Thursday, June 15, 2017

Humpty Trumpty

“‘When I use a word,’ Humpty Dumpty said in rather a scornful tone, ‘it means just what I choose it to mean-neither more nor less.’ ‘The question is’ said Alice, ‘whether you can make words mean so many different things.’ ‘The question is,’ said Humpty Dumpty, ‘which is to be master-that’s all.’” — Through the Looking Glass, Lewis Carroll

It does not take a serious student of the English language to recognize the similarity between the discussion that Alice and Humpty Dumpty had about the meaning of words used by Humpty Dumpty, to recognize that as ill-educated and ill-read as Humpty TRUmpty obviously is, in all probability someone read Through the Looking Glass to him when he was a child, and the idea of using words to mean what he wanted them to mean, rather than what they are generally accepted to mean, appealed to him has become an effective means of communicating with many of his supporters. It has also made life easy for him because it is not necessary for him to clutter up his mind with the actual meaning of words, since he, like Humpty Dumpty, is their master. Examples abound, but a few suffice to make the point.

One of DJT’s favorite uses of words is to pick a word to describe a situation that has no relevance to the situation. Notwithstanding its irrelevance, he broadcasts it widely by tweet, so those not sophisticated conclude that it means what DJT would have it mean, rather than what it would mean if appropriately used. If it is a big word, it gets additional weight and redounds to the credit of DJT. An example of this was given following James Comey’s testimony before the Senate Intelligence Committee. That testimony neither supporters of DJT, nor his critics, would describe as revealing DJT in a favorable light. Nonetheless, at its conclusion, DJT tweeted: “Despite so many false statements and lies, total and complete vindication. . . and WOW, Comey is a leaker.” Whatever one thinks of Mr. Comey’s testimony, no one knowledgeable in the use of language would use the word “vindicate,” to describe its effect on DJT or his reputation.

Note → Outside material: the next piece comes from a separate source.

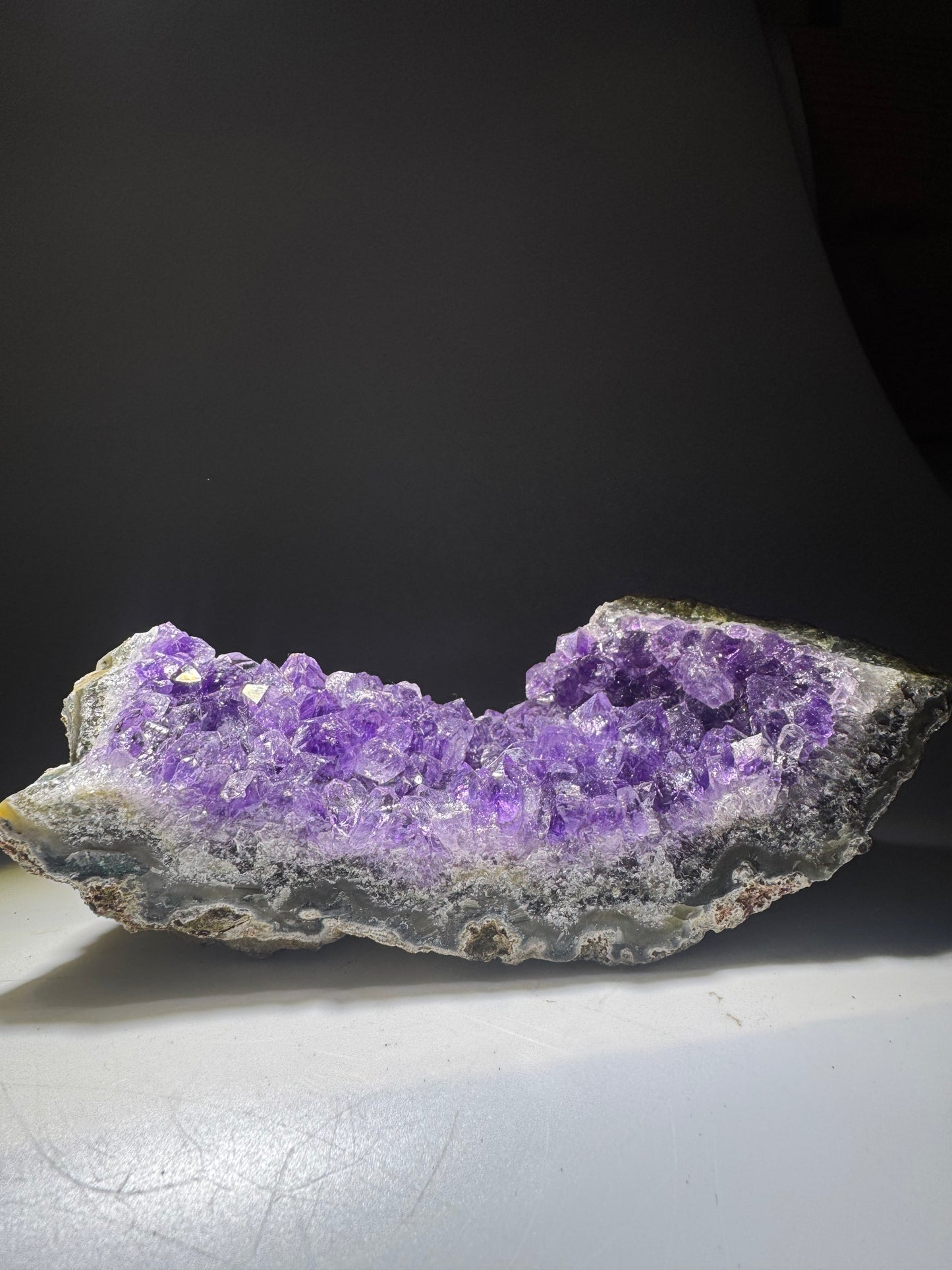 Uruguay Amethyst Druse 13 x 4,7 cm – 318 g leuchtende Edelsteinformation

Another use of the Humpty TRUmpty rule is to take a word out of a sentence used by a third party, and put it in a completely new sentence that has no relevance to the sentence from which it came and attribute the new sentence to the author of the original sentence. That occurred with something the Mayor of London said following the terrorist attack in London on June 2, 2016. Acknowledging the distress of the community, and wanting to reassure those in London that they would be safe, the mayor said that there would be a heavy police presence in the days ahead in London to protect the public, and that there was: “No need to be alarmed” because of their presence. DJT took the word “alarmed” from the mayor’s statement and put it in a tweet attacking the author of the statement, tweeting: “At least 7 dead and 48 wounded in terror attack and Mayor of London says there is ‘no reason to be alarmed.’”

Another application of the Humpty TRUmpty rule is to take a word and apply it to a situation, simply because it feels good to say, it even though taken in the context in which it is placed by DJT, it is meaningless. When DJT is confronted with a news story of which he disapproves, he describes it as a “fake” news story, even though the word “fake” has no commonly accepted use that would make it meaningful in the situation being described, nor does any definition found in a dictionary suggest that that usage is correct.

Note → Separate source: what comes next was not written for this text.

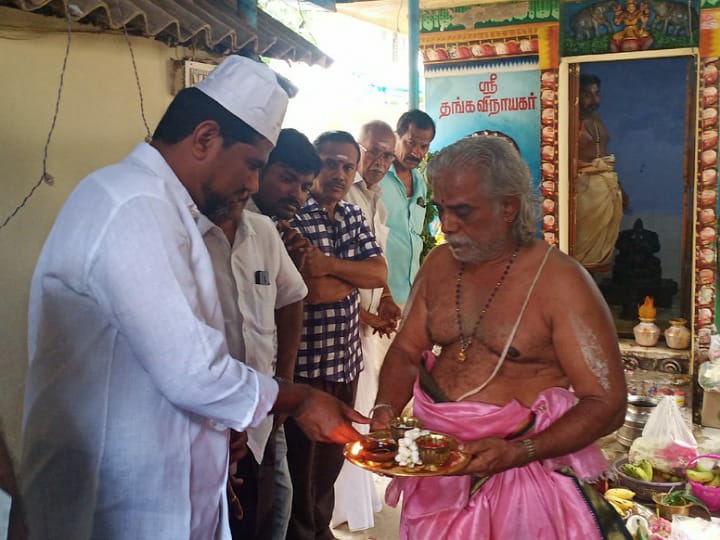 நட்புக்காக  பூஜையில் பங்கேற்ற இஸ்லாமியர்; பரிவட்டம் கட்டி மரியாதை - கரூரில் சுவாரஸ்ய நிகழ்வு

When the media discovers things that DJT had hoped to keep secret, he has a ready response. He refers to the “Lying Media” even though there is nothing in a story that comports with the accepted definition of “lying.” When the New York Times comes up with a story that displeases Humpty Trumpty, he uses the word “failing” to describe the newspaper even though that paper’s circulation has increased greatly since DJT was elected, and by no accepted definition of the word, could “failing” properly be applied to describe the New York Times.

The foregoing are just a few of hundreds of examples of the misuse of the language by DJT. It makes us wish we could follow in Alice’s footsteps after her conversation with Humpty Dumpty drew to a close: “Alice waited a minute to see if he [Humpty Dumpty] would speak again, but as he never opened his eyes or took any further notice of her, she said ‘Good-bye!’ once more, and, getting no answer to this, she quietly walked away: but she couldn’t help saying to herself as she went, ‘Of all the unsatisfactory —’ (she repeated this aloud, as it was a great comfort to have such a long word to say) ‘of all the unsatisfactory people I ever met —’ She never finished the sentence, for at this moment a heavy crash shook the forest from end to end.” Humpty Dumpty had fallen from the wall. We should be so lucky.

Wednesday, June 7, 2017

Ethics? Trump?

Grub first: then ethics
— Bertolt Brecht, Three Penny Opera

It is a distinct pleasure to be the first columnist to disabuse a troubled American public of an easily understandable, but totally incorrect, belief in the meaning of a term that has entered the national conversation and caused consternation among political observers. The misunderstanding arises because of the use of the words “ethics,” and “Trump,” in the same sentence. That usage evokes, in the average citizen, a sense of disbelief that is difficult to set aside. Thus, it is not surprising that when there were headlines announcing the administration’s initial refusal to release dozens of “ethics waivers” for those serving in the administration, alarm bells were sounded by those who do not understand what is meant when an individual receives an “ethics waver.” The assumption made by those unfamiliar with the term, is that those who receive such waivers may, with impunity, act unethically whenever it suits them. That is, of course, not what such a waiver means, but the misunderstanding is understandable given the activities of the members of the Trump family since DJT assumed the throne. There are countless examples of DJT’s imperviousness to ethical matters and, citing the advice of his lawyers, he has consistently asserted that being president he can act unethically with complete impunity as well as immunity. Thus, as an example, DJT said that all profits received by his companies from foreign sources staying at his hotels, would be donated to charities so he would not profit from foreign governments patronizing his hotel. The Trump Organization has now said that for it to determine which guests’ payments would qualify as being from a foreign government would be impractical and violate the guests’ rights to privacy. As a result, DJT gets to keep the profits. With respect to DJT’s family, ethical questions are regularly posed by his daughter, Ivanka, and her husband, Jared Kushner, whose financial ties are of amazing complexity and pose all sorts of potential for conflicts of interest that, given their general insensitivity to such matters, are destined to remain in the news so long as they remain in the White House.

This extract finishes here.